They said, "it is difficult to get assistance/help" - from affluent area/region.
- I was puzzled.
- Later on, I found out..what they told me was true/accurate.
Not much help from there.
I can understand this.
A ministry to the homeless gains a lot of expertise over time as to what is necessary in order to help.
Affluent areas don't have the volume of clients you would need to build that expertise. Helping without that expertise is very discouraging because nothing changes in the homeless person's life. They just burn through your resources and are no better off. They need mentoring on how to fix their broken thinking.
My sister is involved in ministering to children from severely dysfunctional homes. She introduced an initiative at her church where people volunteer to be mentors to a child and visit them at the school for an hour or so once per week. It's a program that has been set up and standardized by some people experienced in this ministry that can be replicated and rolled out by other churches.
Her materials said that every time a child has a positive interaction with an adult, a connection in their brain forms. They need multiple connections to be formed each day or else when they mature they are missing these connections and it affects their ability to think for the future. This is one reason why poverty can be generational. A child raised in dysfunction and without positive parenting is missing a piece of intellect that couldn't form during his upbringing. Their thinking wants to consume their resources for the moment rather than planning for the next step.
Once she told me about this aspect I realized that was what we were seeing.
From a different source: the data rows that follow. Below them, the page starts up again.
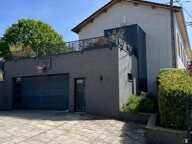 Vente Maison/villa 5 pièces — photo 3
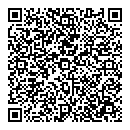 QR код "Новосел"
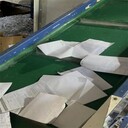 深圳龍華區(qū)報(bào)廢書(shū)籍銷(xiāo)毀/電腦硬盤(pán)銷(xiāo)毀單位
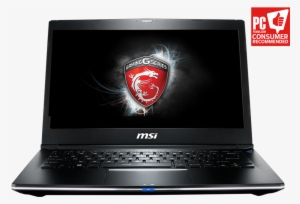 Intel, The Intel Logo, Intel Inside, Intel Core, And - Msi Apache Ge72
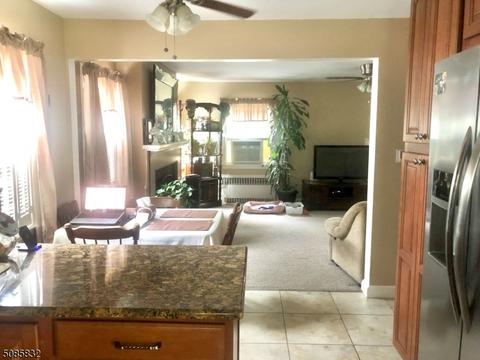 76 Perry St, Dover, NJ 07801 photo 10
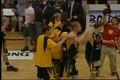 Alekszejev visszatér a Falcóhoz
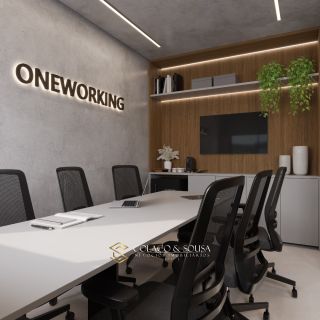 ONE Residence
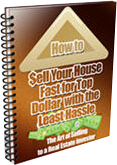 Sell Your House Fast for Top Dollar with the Least Hassle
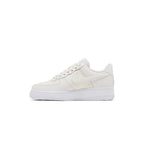 Nike Wmns Air Force 1 Low Next Nature 'Phantom Sail'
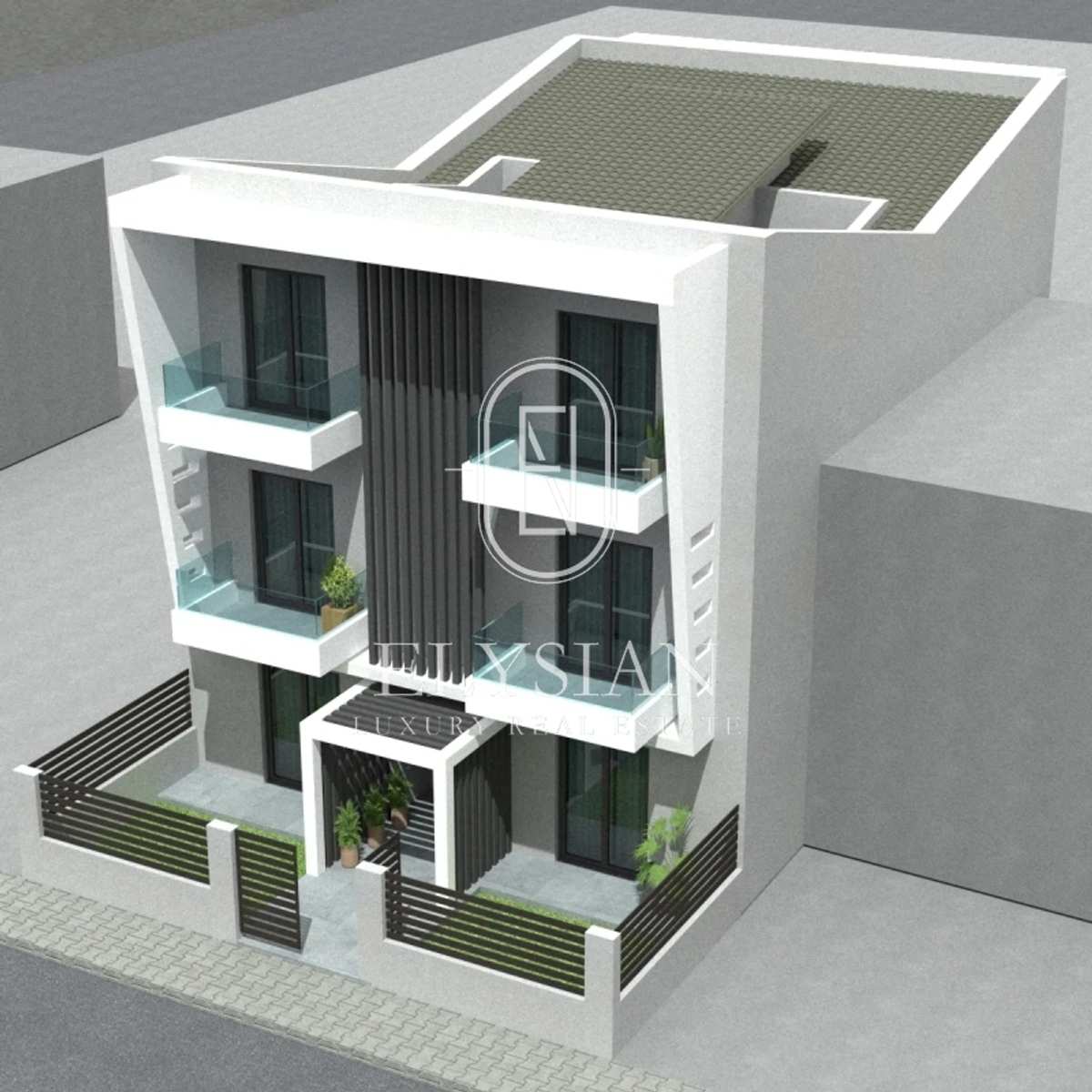 Property thumbnail 2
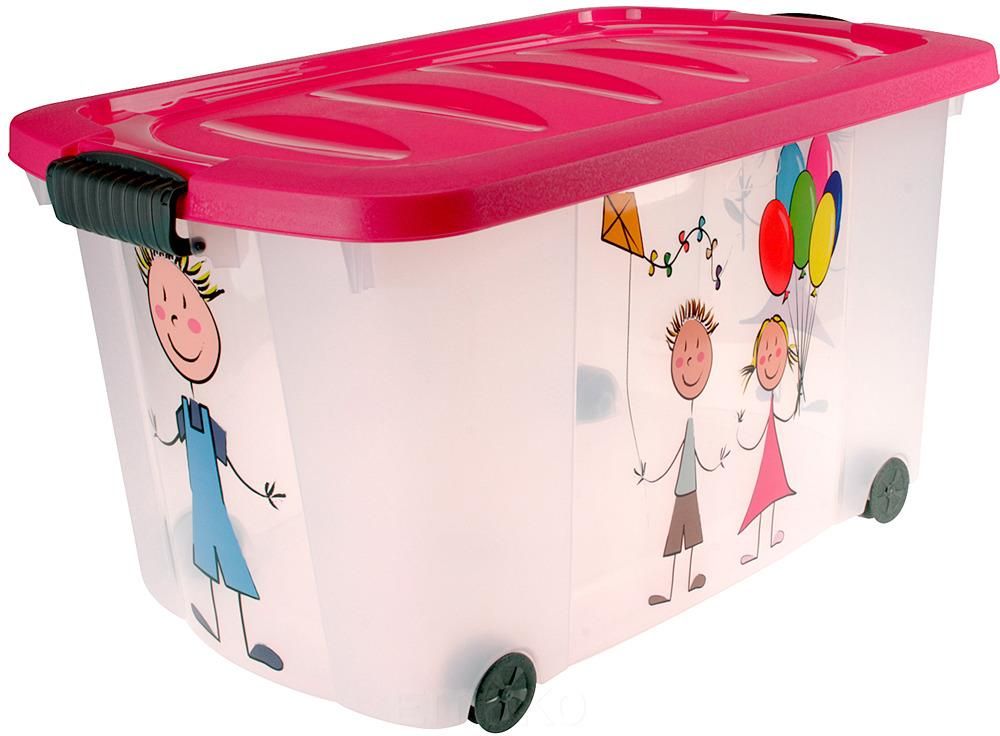 emako-skrzynia-k-kach-kids-pojemnik-na-zabawki-b019h1meuq-opinie-i
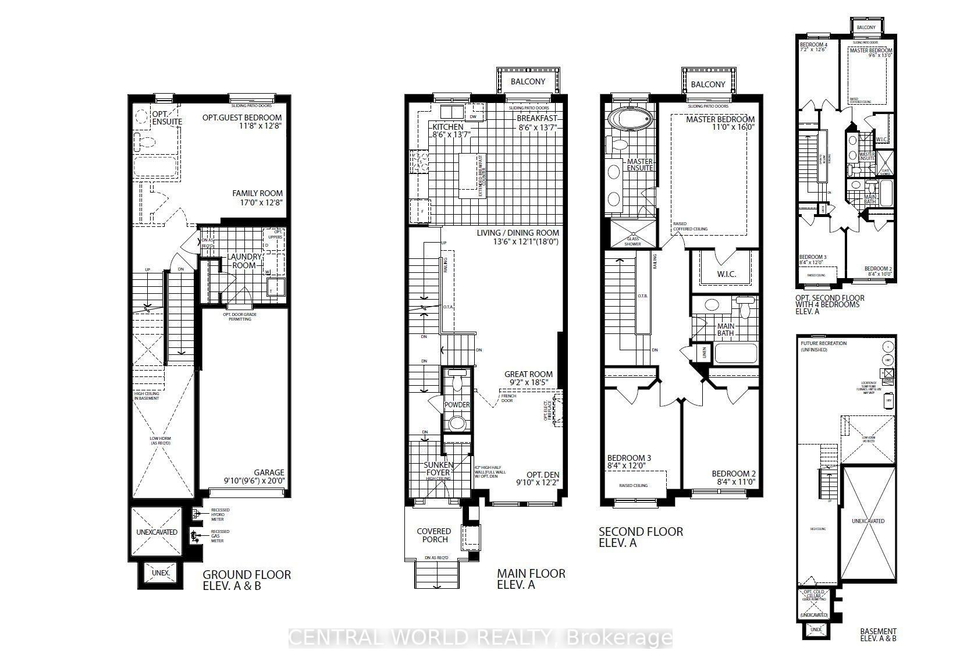 70-carneros-way-markham-ontario-n12284464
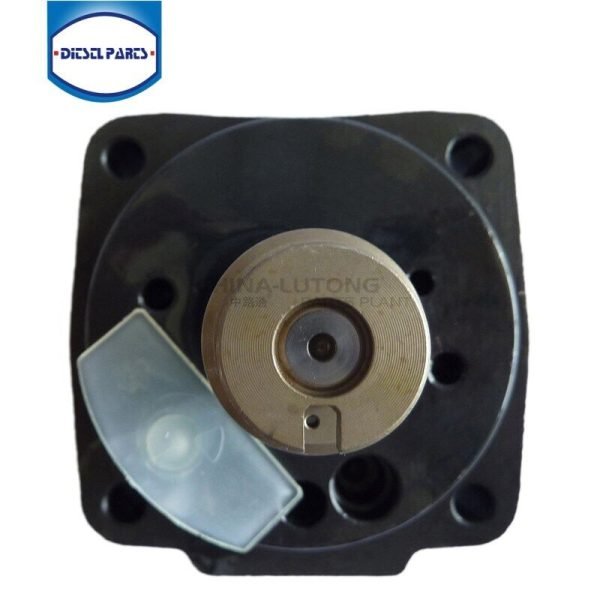 Hydraulic Head and Rotor 096400-1770 22140-5B810 4/10R for TOYOTA Hiace Hilux 5L - Image 3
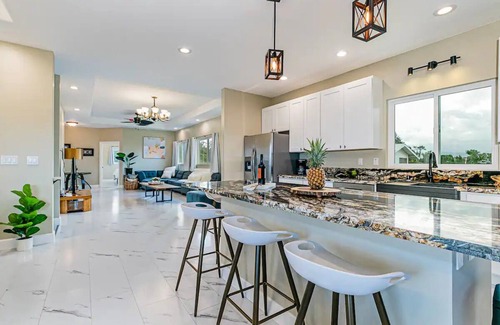 Hilo House | Hilo Nui home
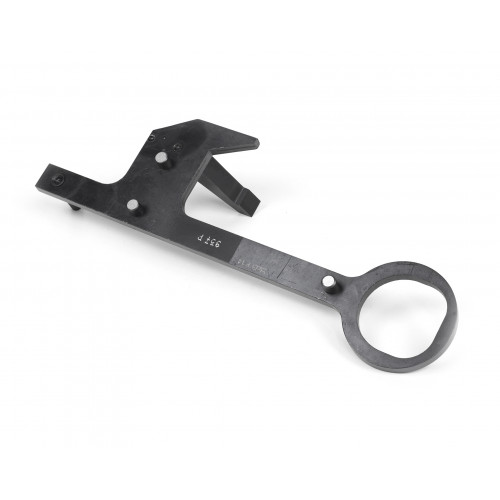 Шаблон       Т416.09.000(937Р)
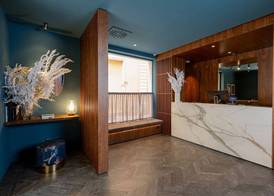 Hotel Brun 3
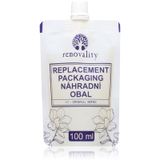 Renovality Original Series Gezischtsolie 100 ml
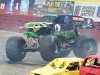 2011_0319Dayton_MJ0313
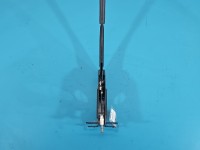 Dźwignia hamulca ręcznego Opel Movano III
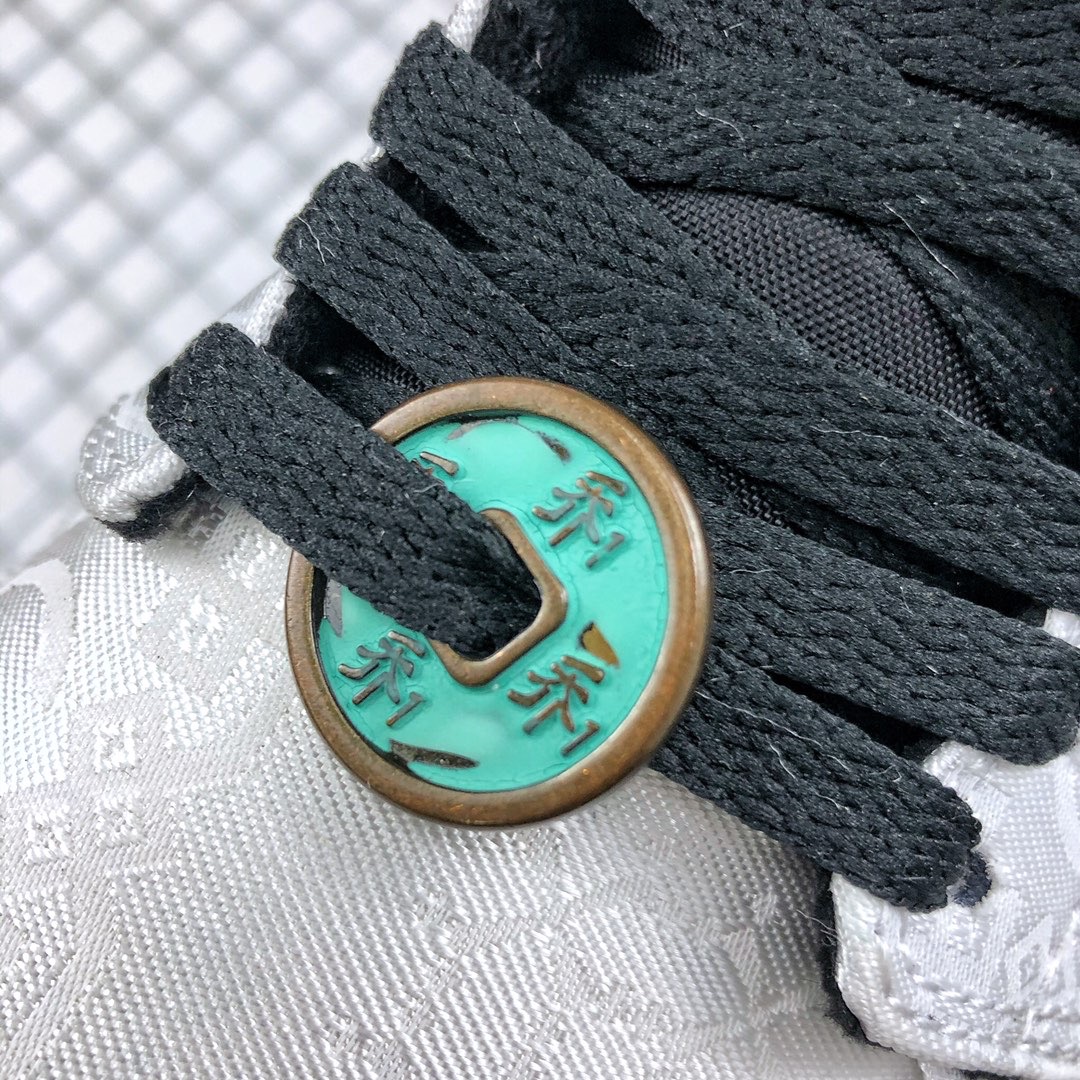 jordan air jordan 1 retro mid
Our help was being consumed but not applied for the next step.
We've had to give some tough love over this. One example is that we put a dear sister in Christ up for two weeks in a hotel - one week to recover from an assault, and another week while on the waiting list for a shelter. After the second week we told her to call in the morning to get her spot at the shelter that had come available (we confirmed they had a spot). The next morning she called but she hung up every time she was put on hold, until when her call finally got through all of the spots were gone. We had already invested at least $1,000 in her needs and she had several times done things that didn't help herself, like abandon half of the diapers we had given her, throw away some of the clothes we had given her etc. She had about $150 in cash from her paycheck when we paid for her hotel for the second week. We left her with food, her money (of course) but she also had food stamps and WIC. She spent the week in the hotel not even using the breakfast buffet or the food we left but instead spending her last $170 on restaurant food and junk food.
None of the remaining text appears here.